More Similar than Dissimilar: Modeling Annotators for Cross-Corpus Speech Emotion Recognition
This work addresses the challenge of personalizing emotion recognition systems for individual annotators in real-world applications, though it is incremental as it builds on existing multi-annotator modeling.
The paper tackled the problem of adapting speech emotion recognition models to new annotators without requiring extensive labeled data from each, by leveraging inter-annotator similarity to identify and use predictions from a similar, previously seen annotator, resulting in significant performance improvements over other off-the-shelf approaches.
Speech emotion recognition systems often predict a consensus value generated from the ratings of multiple annotators. However, these models have limited ability to predict the annotation of any one person. Alternatively, models can learn to predict the annotations of all annotators. Adapting such models to new annotators is difficult as new annotators must individually provide sufficient labeled training data.

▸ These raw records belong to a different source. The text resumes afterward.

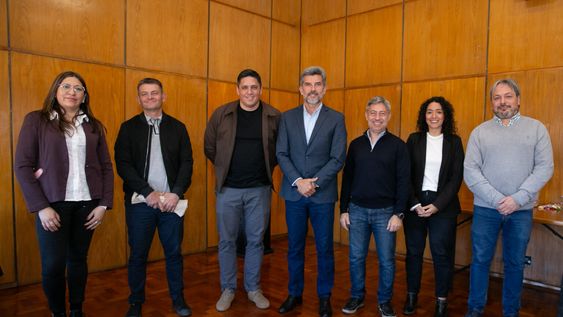 la ciudad firmo un convenio con tarjeta naranja para impulsar el consumo en las galerias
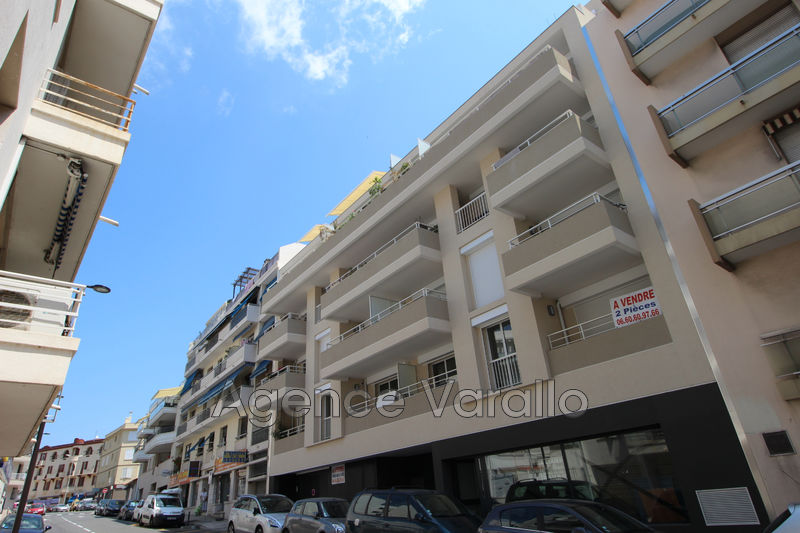 Photo Appartement Antibes Antibes centre, Location appartement 2 pièces 46 m²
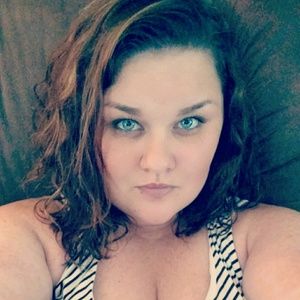 Meet your Posher, Serena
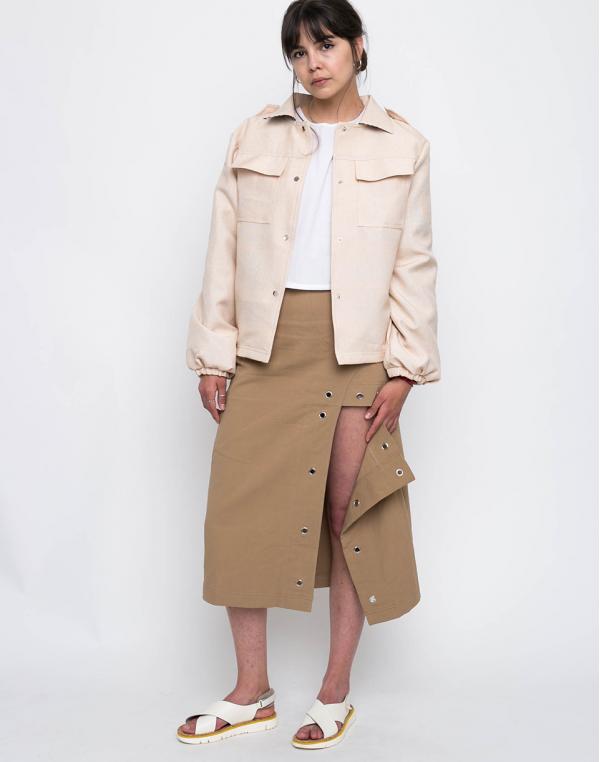 House of Sunny Utility worker wicker 38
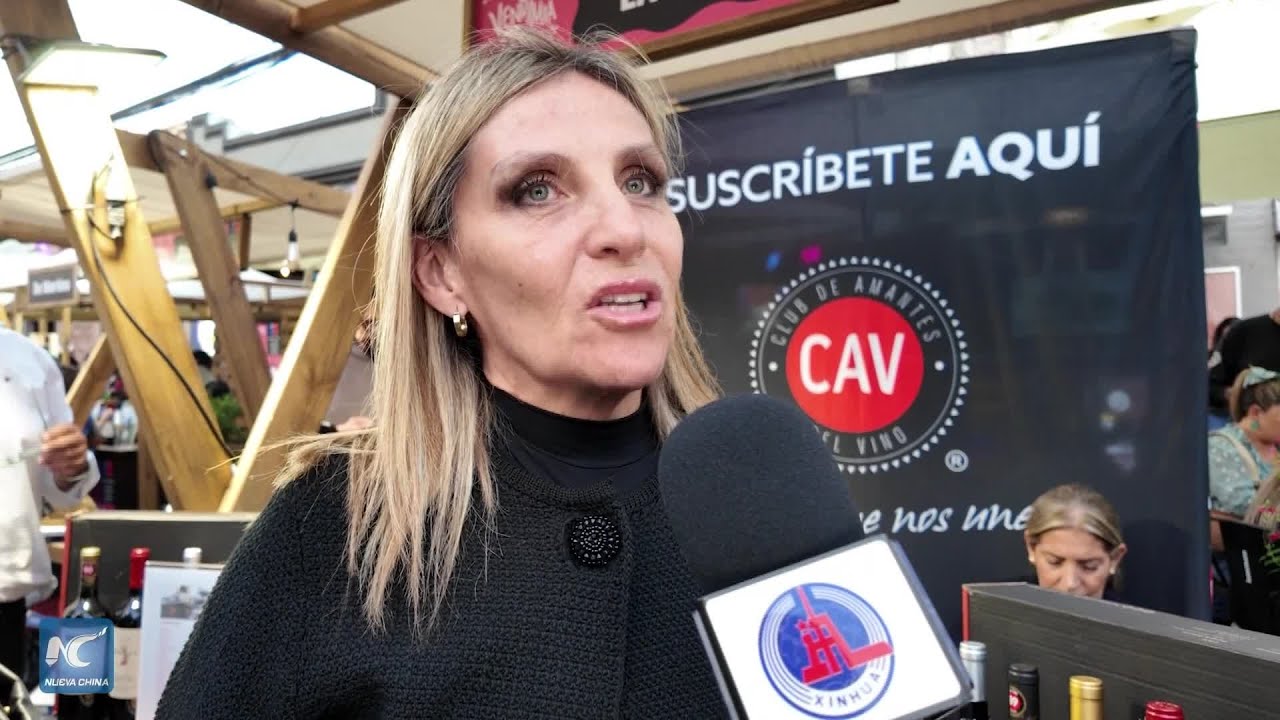 Chile celebra vendimia en festival del vino en Santiago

We propose to leverage inter-annotator similarity by using a model pre-trained on a large annotator population to identify a similar, previously seen annotator. Given a new, previously unseen, annotator and limited enrollment data, we can make predictions for a similar annotator, enabling off-the-shelf annotation of unseen data in target datasets, providing a mechanism for extremely low-cost personalization. We demonstrate our approach significantly outperforms other off-the-shelf approaches, paving the way for lightweight emotion adaptation, practical for real-world deployment.